Years later, when big-budget Western films such as In Old Arizona (1928) and Billy the Kid (1930) became more popular, DeMille decided to capitalize on that trend with another remake in 1931. Unlike the previous versions, this one was a talkie instead of a silent film. It cost over $722,000 and lost nearly $150,000 when it was released, though critic reviews were generally favorable.
The Squaw Man still has the distinction of being the only film remade twice by the same director. Oddly, the original was the only version to cast a Native American actress as the officer’s wife. She was played by Winnebago actress Lillian St. Cyr, who also went by Red Wing. Her husband, James Young Deer, was Hollywood’s first Native American director and producer.
9. Brown of Harvard (1918)
In 1906, the Broadway play Brown of Harvard, written by by Rida Johnson Young, debuted at Princess Theatre in New York City. It ran for 101 performances that year. Five years later, the first silent film adaptation was released, which became the film debut of comedic actor Edgar Kennedy, a key player in many Hal Roach films.
Brown of Harvard (1911) involves a popular Harvard University athlete named Tom Brown, who attempts to help his fiancé’s brother, Wilfred, with his reputation and love life. Wilfred, a habitual gambler, owes money to a man named Victor Colton, and is secretly romantically involved with the sister of Gerald Thorne, a high-ranking varsity crew member. On the day of a champion boat race, Victor schemes to expose the relationship to Gerald, prompting him to abandon the race so Harvard’s team will lose.

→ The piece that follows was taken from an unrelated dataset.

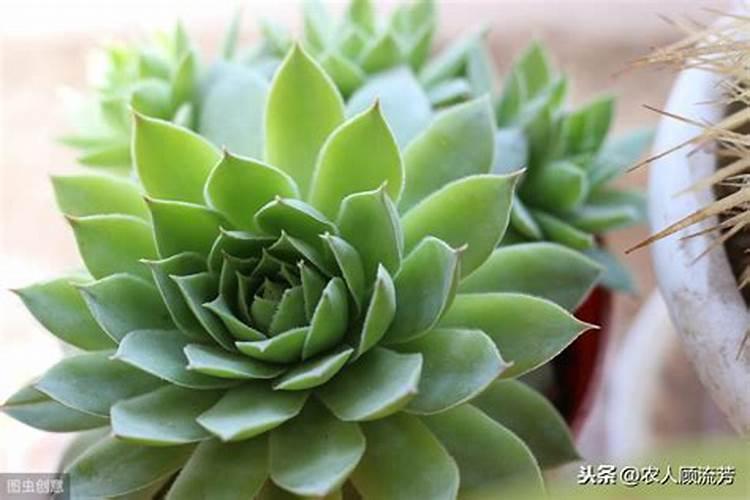 多肉植物施什么肥好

Though the 1918 remake also took place at Harvard University, the director, Harry Beaumont, filmed in Southern California. At the time, the Washington State University football team was there for the 1916 Rose Bowl, along with their coach, William “Lone Star” Dietz, and they became extras in the film.
Another remake came out in 1926, and it deviated significantly from the source material. Instead of Wilfred and his predicaments, this version focuses on the title character, Tom Brown, and his rivalry with fellow student athlete Bob McAndrew, as they compete in varsity, football, and for the affections of a professor’s daughter. This was also the film debut of John Wayne and Robert Livingston, who appeared as uncredited extras and later went on to have celebrated careers.
10. Forbidden Fruit (1921)
The Golden Chance (1915) was a film by Cecil B. DeMille about a financially struggling seamstress named Mary, played by Cleo Ridgely. When her alcoholic husband wastes all their money, Mary takes a job as an escort for a handsome millionaire, who she falls in love with. In the end, her husband is killed by police over an extortion plot, leaving Mary free to be with the millionaire.
A surviving print of The Golden Chance is currently kept at the George Eastman Museum in New York, the world’s oldest museum dedicated to photography. Though the film’s synopsis in the American Film Institute Catalog claims that Mary quickly marries the millionaire, the film itself ends only with the implication that she will, as DeMille wished to leave it open to interpretation.
DeMille remade the film as Forbidden Fruit (1921), this time starring Agnes Ayers as Mary. The remake further emphasizes the rags-to-riches theme of the story, with dream sequences where Mary imagines herself as Cinderella. In this version, Mary’s husband is more abusive and controlling, providing even more obstacles to Mary’s happy ending.
Like its predecessor, the remake also stops short of concluding the story with a wedding. Instead, it juxtaposes a dream sequence of Cinderella being fitted with a glass slipper with a scene of Mary’s millionaire beau playfully taking off her shoe and kissing her foot.